I want to kick-off this poached salmon recipe by making note of the vegetables in this dish.

If you’ve followed my other recipes before, then you know most ingredients on the list are optional and can easily be substituted as needed.

And that’s exactly the case for the vegetables in this poached salmon recipe! Yes, it’s delicious with Spring greens, peas and potatoes. But if you are harvesting other veggies from your garden while making this, please do feel free to substitue!

What Other Vegetables Go Well With Poached Salmon

There’s so many fantastic garden vegetables that would pair nicely with this recipe. Here’s a few ideas that come to mind:

  • Asparagus
  • Spring garlic
  • Spinach
  • Swiss chard
  • Kale
  • Broccoli/broccoli raab

If you make this dish with other veggies, please do comment below and let me know! I’d love to hear what you try. And try it myself too.

What Does It Mean To Poach Salmon?

“Poaching” or “to poach” is a term that simply means cooking in a liquid.

You could poach salmon (and other fish) in wine, broth, stews, curries and more.

But in the case of this poached salmon recipe with Spring greens, peas and potatoes, we are poaching the salmon in a coconut milk broth.
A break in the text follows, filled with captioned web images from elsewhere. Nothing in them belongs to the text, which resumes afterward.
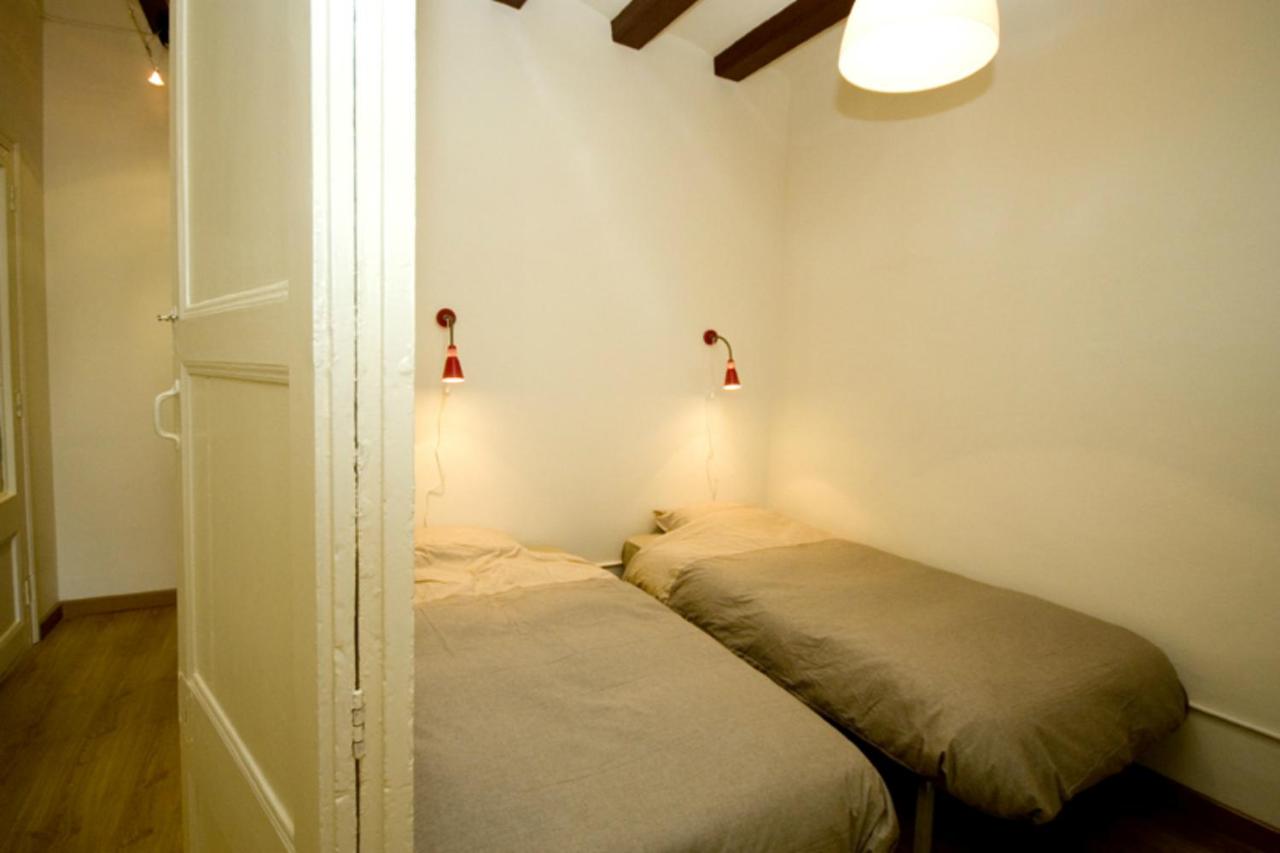 Appartamento Standard con 2 Camere da Letto (4 Adulti)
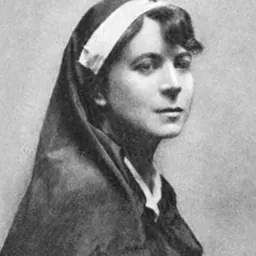 Portrait of Grace Ellison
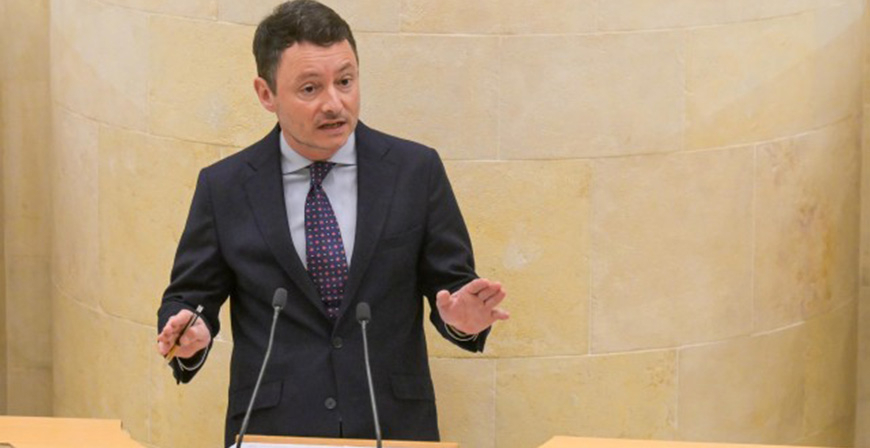 El PP replica al PRC y PSOE que los que ahora exigen son los mismos que no hicieron nada para fomentar el polgono industrial La Vega de Reinosa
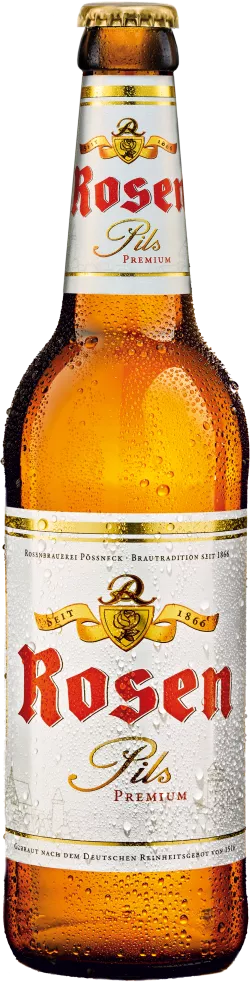 Rosen Pils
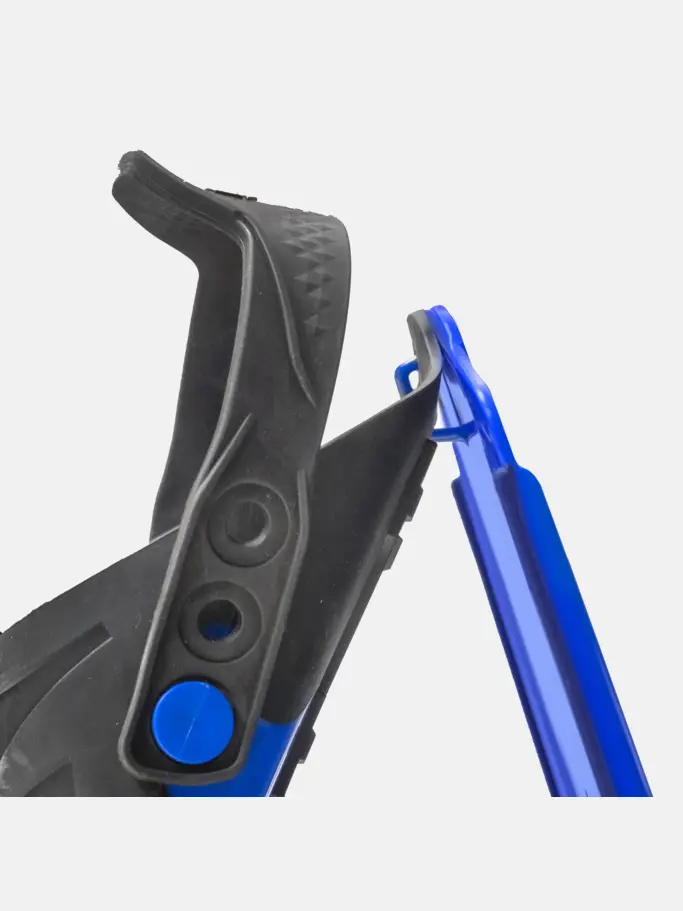 , view full size image of Front view of Product detail - Set Nateeva Keewee blue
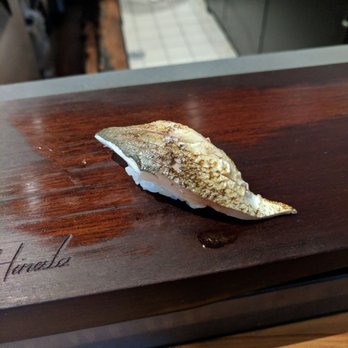 Hinata - Sushi Bars Near Me - San Francisco, California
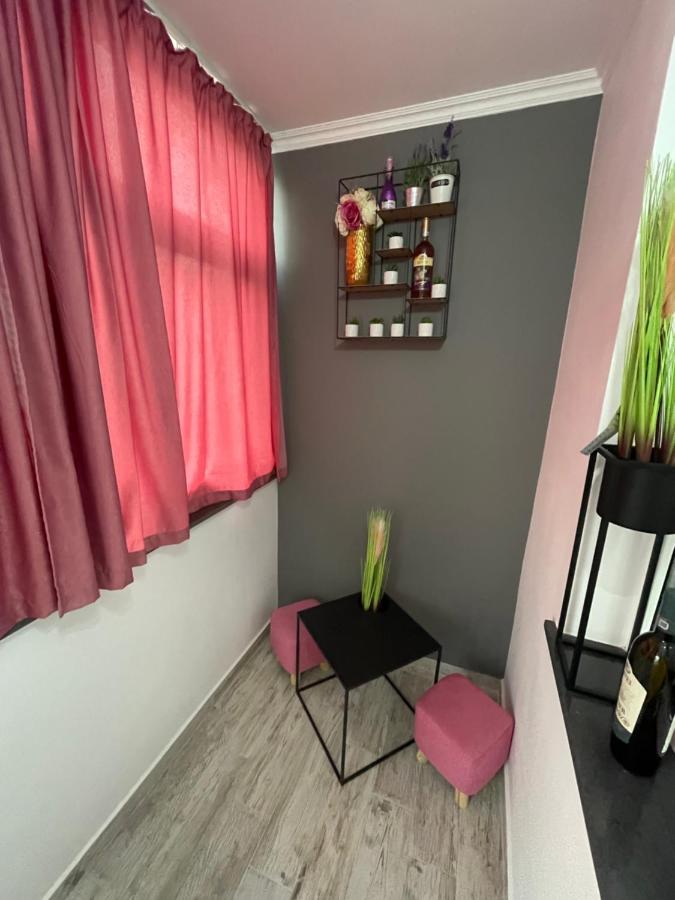 Tamara'S Place Ramnicu Valcea Luaran gambar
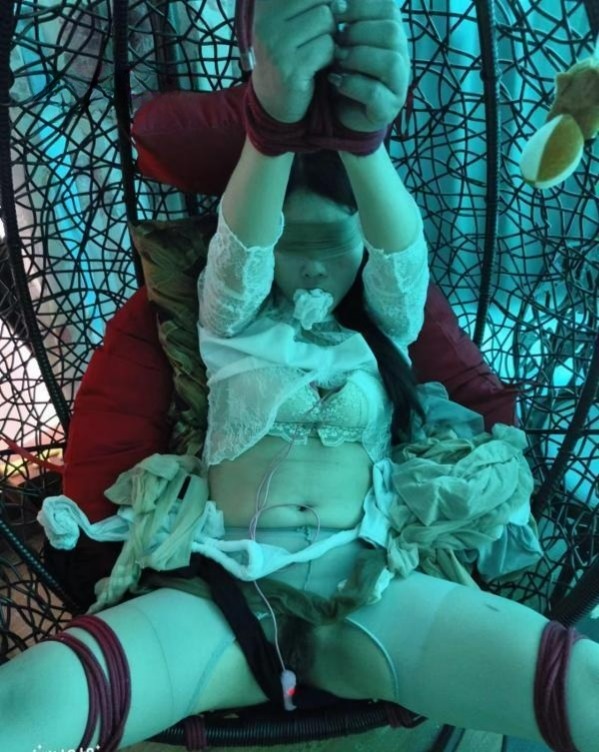 图片[2]-淫贱小母狗-91茶馆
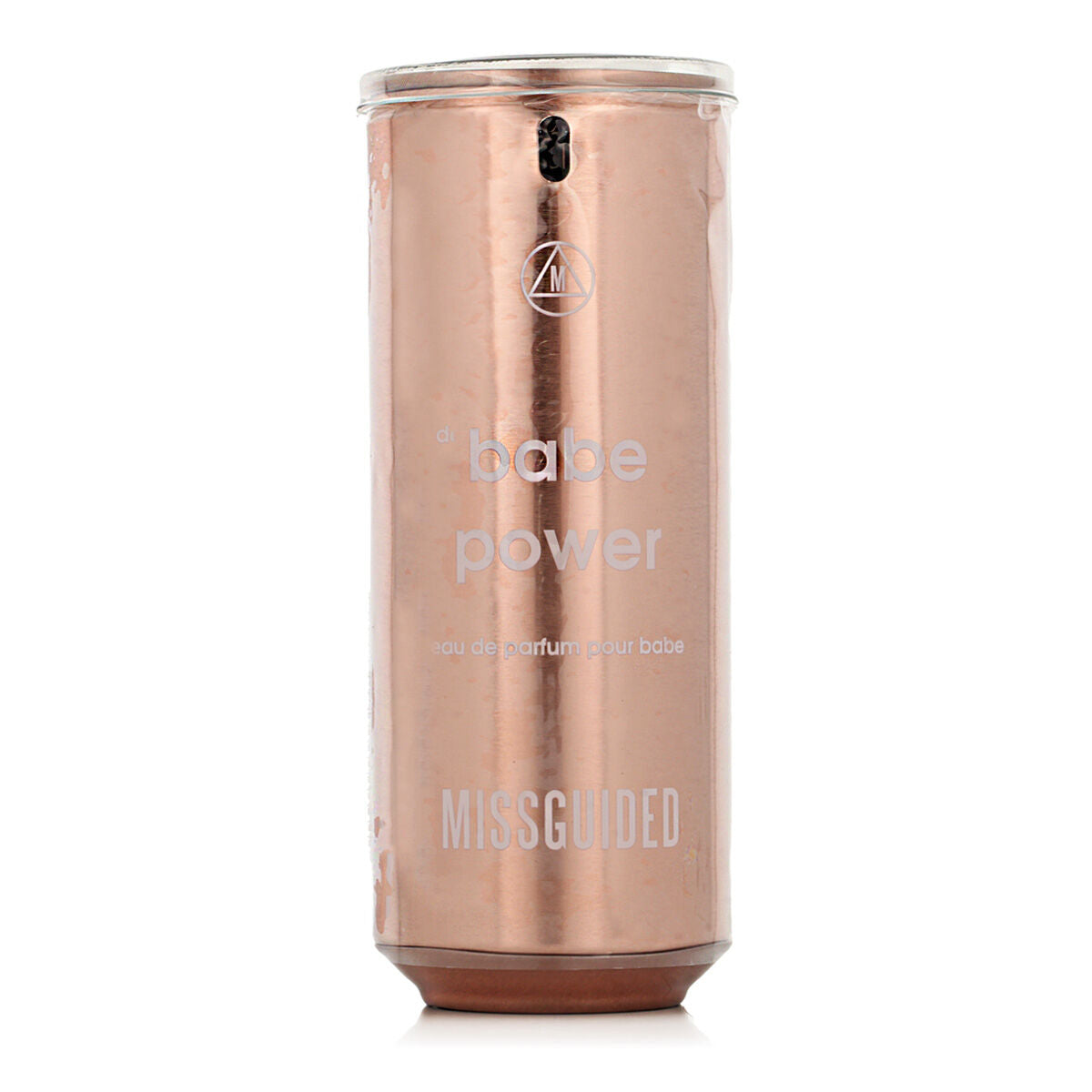 Women's Perfume Missguided Babe Power EDP 80 ml Beauty, Perfumes and fragrances von Missguided | Luxus Aroma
Poaching fish is a beloved cooking method because it allows the fish to get nice and tender. In this poached fish recipe, we’ll poach our salmon at a low temperature to ensure it does not overcook but absorbs all the flavours of the broth.

How Do You Poach Salmon With Skin On Step-By-Step?

Here’s my easy 4 step process to successfully poaching salmon:

Step 1: Sear salmon skin down in a hot pan with oil

This comes before the actual act of “poaching” your salmon in liquid. But it’s important for two reasons.

  1. It will make your salmon juicy and tender
  2. It will crisp up the skin on your salmon

To sear salmon, place it skin down in a hot pan with oil of your choosing (I like using a high quality extra virgin olive oil).

Sear for 1-3 minutes (depending on the thickness of your fish) on the skin side only.

Step 2: Let salmon sit while preparing broth

Remove the salmon from the hot pan and set aside with the skin side up. This will ensure the skin stays crispy.

At this point your salmon should not be fully cooked. It will finish cooking once it’s poached.

Now, using the same pan as you seared your salmon in, begin preparing your broth.

Add additional oil (as needed) onions, garlic, ginger, basil, chives, miso, water and coconut milk. Let simmer for 1-2 minutes before adding potatoes.

Step 3: Gently submerge salmon into poaching liquid

Once potatoes are nearly fully cooked through, add remaining vegetables.

The last step is to add your salmon back into the poaching liquid.

Gently submerge your salmon into the broth skin side up with a spatula. Place the fish in the middle of the pan.

The liquid should cover most of your salmon.

Step 4: Poach for 5-8 minutes or until light pink

Place the lid on your pan and poach your salmon for 5-8 minutes at medium-low heat.

Adjust the time based on the thickness of your salmon (thicker salmon will require an addition 2-3 minutes).

To check if your salmon is fully poached, use a fork and gently pull at the middle.

How Do You Know When Poached Salmon Is Done?

You’ll know your poached salmon is perfectly done if it’s easy to pull apart, moist and light pink or slightly shiny.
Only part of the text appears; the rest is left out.